- [ASSIGNMENT] From the records below, please print only the lines from the one containing "So there are" through the one containing "We're a one-stop", both included. Skip the pictures.

- [THE DATA]
>>>>>

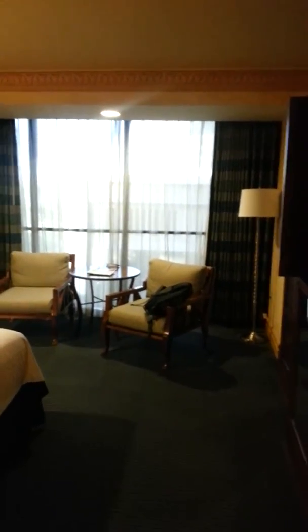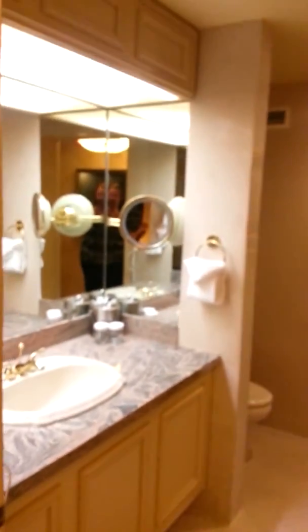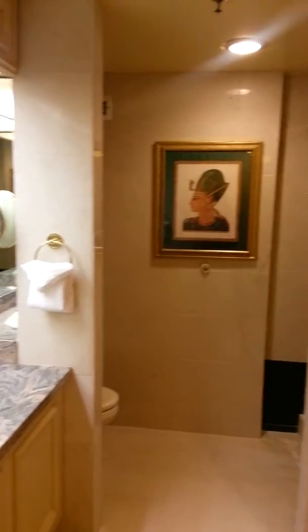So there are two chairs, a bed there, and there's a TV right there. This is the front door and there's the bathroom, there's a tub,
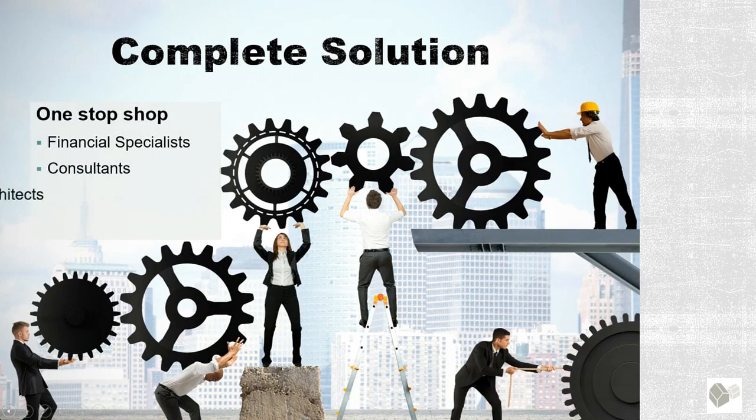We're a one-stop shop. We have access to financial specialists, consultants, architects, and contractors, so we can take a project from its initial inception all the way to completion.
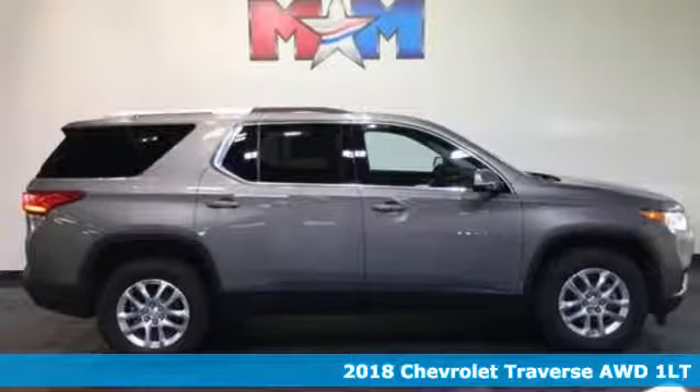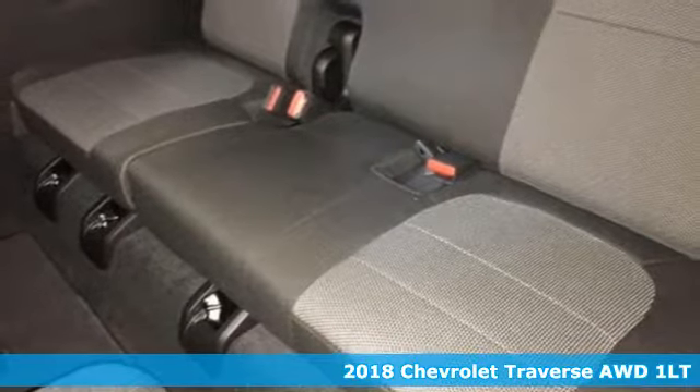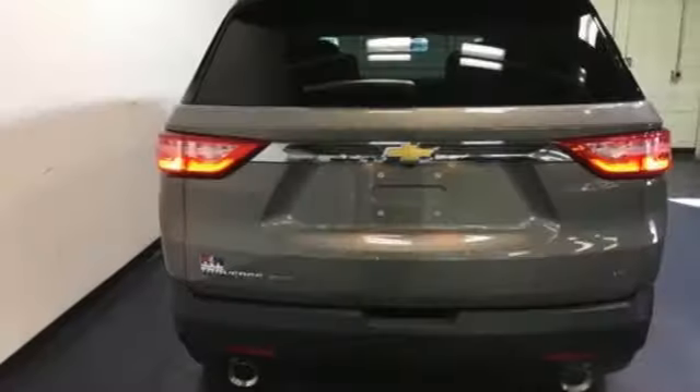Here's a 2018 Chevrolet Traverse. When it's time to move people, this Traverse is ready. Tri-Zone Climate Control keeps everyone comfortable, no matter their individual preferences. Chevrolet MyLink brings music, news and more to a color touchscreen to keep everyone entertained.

<<<<<
>>>>>

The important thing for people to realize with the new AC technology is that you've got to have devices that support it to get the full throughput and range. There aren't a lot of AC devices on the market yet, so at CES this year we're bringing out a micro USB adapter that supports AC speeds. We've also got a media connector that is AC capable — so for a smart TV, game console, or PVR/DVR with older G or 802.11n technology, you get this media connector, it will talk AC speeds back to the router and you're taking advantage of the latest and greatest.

<<<<<

- [ANSWER SPACE]
So there are two chairs, a bed there, and there's a TV right there. This is the front door and there's the bathroom, there's a tub,
We're a one-stop shop. We have access to financial specialists, consultants, architects, and contractors, so we can take a project from its initial inception all the way to completion.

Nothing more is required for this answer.